Could you reproduce, word for word, everything below from the line containing "Zo reageert Nederland" down to the line containing "Copropriété à vendre", with both of those lines included and no others?

::::::

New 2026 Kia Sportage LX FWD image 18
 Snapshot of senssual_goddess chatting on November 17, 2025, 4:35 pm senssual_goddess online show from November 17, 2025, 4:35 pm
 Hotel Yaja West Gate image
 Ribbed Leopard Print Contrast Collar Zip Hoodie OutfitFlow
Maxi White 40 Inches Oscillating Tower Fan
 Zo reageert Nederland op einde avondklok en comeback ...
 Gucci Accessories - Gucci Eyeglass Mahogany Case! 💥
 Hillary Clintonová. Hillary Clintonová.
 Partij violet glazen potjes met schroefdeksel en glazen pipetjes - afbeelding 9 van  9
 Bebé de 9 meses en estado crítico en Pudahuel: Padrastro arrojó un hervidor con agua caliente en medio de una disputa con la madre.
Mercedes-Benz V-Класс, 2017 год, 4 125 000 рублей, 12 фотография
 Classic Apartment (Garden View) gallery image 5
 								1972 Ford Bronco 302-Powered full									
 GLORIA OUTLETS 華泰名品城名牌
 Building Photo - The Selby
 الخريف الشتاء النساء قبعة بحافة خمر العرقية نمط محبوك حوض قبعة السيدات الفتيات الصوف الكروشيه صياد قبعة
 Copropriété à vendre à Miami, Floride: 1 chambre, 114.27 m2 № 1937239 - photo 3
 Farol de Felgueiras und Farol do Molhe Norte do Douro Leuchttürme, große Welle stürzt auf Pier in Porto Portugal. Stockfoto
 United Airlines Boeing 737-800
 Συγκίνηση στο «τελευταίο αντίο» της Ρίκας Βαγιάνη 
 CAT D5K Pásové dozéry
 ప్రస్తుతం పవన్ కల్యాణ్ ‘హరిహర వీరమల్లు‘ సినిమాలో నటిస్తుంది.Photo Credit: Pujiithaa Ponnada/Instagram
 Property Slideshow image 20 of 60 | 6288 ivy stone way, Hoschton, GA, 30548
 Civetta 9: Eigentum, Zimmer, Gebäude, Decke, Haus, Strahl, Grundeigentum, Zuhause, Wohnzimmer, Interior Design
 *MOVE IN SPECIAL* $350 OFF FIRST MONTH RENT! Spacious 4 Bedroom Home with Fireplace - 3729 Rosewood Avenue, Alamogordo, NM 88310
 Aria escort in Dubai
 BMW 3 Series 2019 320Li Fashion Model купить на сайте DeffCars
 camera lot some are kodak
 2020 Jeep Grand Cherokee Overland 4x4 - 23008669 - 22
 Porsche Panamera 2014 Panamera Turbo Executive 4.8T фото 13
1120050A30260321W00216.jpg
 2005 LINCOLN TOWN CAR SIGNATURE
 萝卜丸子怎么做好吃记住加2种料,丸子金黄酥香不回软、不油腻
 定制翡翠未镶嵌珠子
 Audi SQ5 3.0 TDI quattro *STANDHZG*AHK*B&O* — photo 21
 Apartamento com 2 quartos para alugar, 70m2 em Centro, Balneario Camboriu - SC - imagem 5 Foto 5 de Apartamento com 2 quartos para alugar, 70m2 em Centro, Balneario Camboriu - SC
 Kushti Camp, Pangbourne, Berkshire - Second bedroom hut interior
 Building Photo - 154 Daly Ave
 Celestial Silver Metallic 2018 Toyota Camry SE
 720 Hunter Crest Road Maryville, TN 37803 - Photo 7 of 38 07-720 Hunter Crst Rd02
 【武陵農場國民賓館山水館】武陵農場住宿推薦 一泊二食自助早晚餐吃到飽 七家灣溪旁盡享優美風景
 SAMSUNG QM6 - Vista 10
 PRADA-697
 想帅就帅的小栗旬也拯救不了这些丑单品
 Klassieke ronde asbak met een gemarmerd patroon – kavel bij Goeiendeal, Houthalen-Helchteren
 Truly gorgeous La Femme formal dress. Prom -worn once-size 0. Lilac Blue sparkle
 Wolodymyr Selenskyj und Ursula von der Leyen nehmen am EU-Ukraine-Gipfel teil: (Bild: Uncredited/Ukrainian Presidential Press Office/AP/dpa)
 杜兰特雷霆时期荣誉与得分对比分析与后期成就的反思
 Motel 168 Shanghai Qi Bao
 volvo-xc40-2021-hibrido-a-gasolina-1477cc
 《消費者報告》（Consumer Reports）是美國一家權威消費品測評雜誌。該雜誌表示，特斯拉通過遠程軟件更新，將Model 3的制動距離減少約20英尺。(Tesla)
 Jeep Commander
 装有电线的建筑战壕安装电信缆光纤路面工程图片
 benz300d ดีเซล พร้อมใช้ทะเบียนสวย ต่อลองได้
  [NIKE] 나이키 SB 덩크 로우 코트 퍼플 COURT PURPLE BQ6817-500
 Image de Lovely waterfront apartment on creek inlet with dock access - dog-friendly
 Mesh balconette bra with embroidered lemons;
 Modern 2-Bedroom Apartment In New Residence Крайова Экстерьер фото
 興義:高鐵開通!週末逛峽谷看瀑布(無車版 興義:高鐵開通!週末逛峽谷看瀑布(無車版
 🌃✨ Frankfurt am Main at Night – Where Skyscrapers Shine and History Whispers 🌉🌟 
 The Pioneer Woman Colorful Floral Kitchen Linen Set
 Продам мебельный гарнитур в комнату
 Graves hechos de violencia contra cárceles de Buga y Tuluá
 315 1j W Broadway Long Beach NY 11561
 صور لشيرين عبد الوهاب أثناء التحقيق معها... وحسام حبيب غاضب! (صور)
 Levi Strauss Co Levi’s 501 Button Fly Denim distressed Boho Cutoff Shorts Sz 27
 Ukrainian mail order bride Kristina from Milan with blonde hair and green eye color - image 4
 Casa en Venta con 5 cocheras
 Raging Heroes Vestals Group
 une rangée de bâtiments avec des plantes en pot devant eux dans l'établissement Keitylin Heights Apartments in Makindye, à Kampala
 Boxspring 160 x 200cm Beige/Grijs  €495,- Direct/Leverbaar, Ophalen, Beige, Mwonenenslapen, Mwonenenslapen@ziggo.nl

::::::

● TASK ANSWER
 Zo reageert Nederland op einde avondklok en comeback ...
 Gucci Accessories - Gucci Eyeglass Mahogany Case! 💥
 Hillary Clintonová. Hillary Clintonová.
 Partij violet glazen potjes met schroefdeksel en glazen pipetjes - afbeelding 9 van  9
 Bebé de 9 meses en estado crítico en Pudahuel: Padrastro arrojó un hervidor con agua caliente en medio de una disputa con la madre.
Mercedes-Benz V-Класс, 2017 год, 4 125 000 рублей, 12 фотография
 Classic Apartment (Garden View) gallery image 5
 								1972 Ford Bronco 302-Powered full									
 GLORIA OUTLETS 華泰名品城名牌
 Building Photo - The Selby
 الخريف الشتاء النساء قبعة بحافة خمر العرقية نمط محبوك حوض قبعة السيدات الفتيات الصوف الكروشيه صياد قبعة
 Copropriété à vendre à Miami, Floride: 1 chambre, 114.27 m2 № 1937239 - photo 3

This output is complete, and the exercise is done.